## TASK DETAILS
From the entries that follow, copy exactly the lines beginning at the line holding "Analiz Faktoring yöneticilerine suç duyurusu" and continuing through the line holding "No fusione Asciano-Rapolano: pronti".

## INFORMATION SHOWN
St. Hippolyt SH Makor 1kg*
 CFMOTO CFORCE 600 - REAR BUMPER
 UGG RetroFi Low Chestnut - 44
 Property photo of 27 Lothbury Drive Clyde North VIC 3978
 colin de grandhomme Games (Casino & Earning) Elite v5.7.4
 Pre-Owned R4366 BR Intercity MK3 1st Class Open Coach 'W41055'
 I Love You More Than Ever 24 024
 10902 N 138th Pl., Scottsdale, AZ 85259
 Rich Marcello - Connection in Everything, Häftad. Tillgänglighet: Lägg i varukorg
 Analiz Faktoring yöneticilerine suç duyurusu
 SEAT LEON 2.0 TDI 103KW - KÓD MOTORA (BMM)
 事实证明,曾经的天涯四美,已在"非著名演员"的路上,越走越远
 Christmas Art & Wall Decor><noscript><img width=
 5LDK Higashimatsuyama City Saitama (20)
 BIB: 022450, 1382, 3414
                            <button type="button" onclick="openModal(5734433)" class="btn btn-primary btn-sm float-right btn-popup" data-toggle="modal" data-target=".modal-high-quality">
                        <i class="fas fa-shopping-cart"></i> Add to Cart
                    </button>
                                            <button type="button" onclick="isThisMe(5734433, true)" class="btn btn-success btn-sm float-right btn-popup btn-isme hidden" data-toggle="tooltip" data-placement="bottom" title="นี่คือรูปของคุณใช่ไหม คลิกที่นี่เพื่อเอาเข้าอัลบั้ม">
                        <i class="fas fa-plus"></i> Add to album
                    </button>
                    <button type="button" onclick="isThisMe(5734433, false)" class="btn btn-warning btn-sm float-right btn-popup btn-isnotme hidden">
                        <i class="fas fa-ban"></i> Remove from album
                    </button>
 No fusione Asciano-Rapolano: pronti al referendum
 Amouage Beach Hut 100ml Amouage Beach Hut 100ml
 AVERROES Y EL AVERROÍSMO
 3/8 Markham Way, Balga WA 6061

## OUTPUT FOR THIS EXERCISE
 Analiz Faktoring yöneticilerine suç duyurusu
 SEAT LEON 2.0 TDI 103KW - KÓD MOTORA (BMM)
 事实证明,曾经的天涯四美,已在"非著名演员"的路上,越走越远
 Christmas Art & Wall Decor><noscript><img width=
 5LDK Higashimatsuyama City Saitama (20)
 BIB: 022450, 1382, 3414
                            <button type="button" onclick="openModal(5734433)" class="btn btn-primary btn-sm float-right btn-popup" data-toggle="modal" data-target=".modal-high-quality">
                        <i class="fas fa-shopping-cart"></i> Add to Cart
                    </button>
                                            <button type="button" onclick="isThisMe(5734433, true)" class="btn btn-success btn-sm float-right btn-popup btn-isme hidden" data-toggle="tooltip" data-placement="bottom" title="นี่คือรูปของคุณใช่ไหม คลิกที่นี่เพื่อเอาเข้าอัลบั้ม">
                        <i class="fas fa-plus"></i> Add to album
                    </button>
                    <button type="button" onclick="isThisMe(5734433, false)" class="btn btn-warning btn-sm float-right btn-popup btn-isnotme hidden">
                        <i class="fas fa-ban"></i> Remove from album
                    </button>
 No fusione Asciano-Rapolano: pronti al referendum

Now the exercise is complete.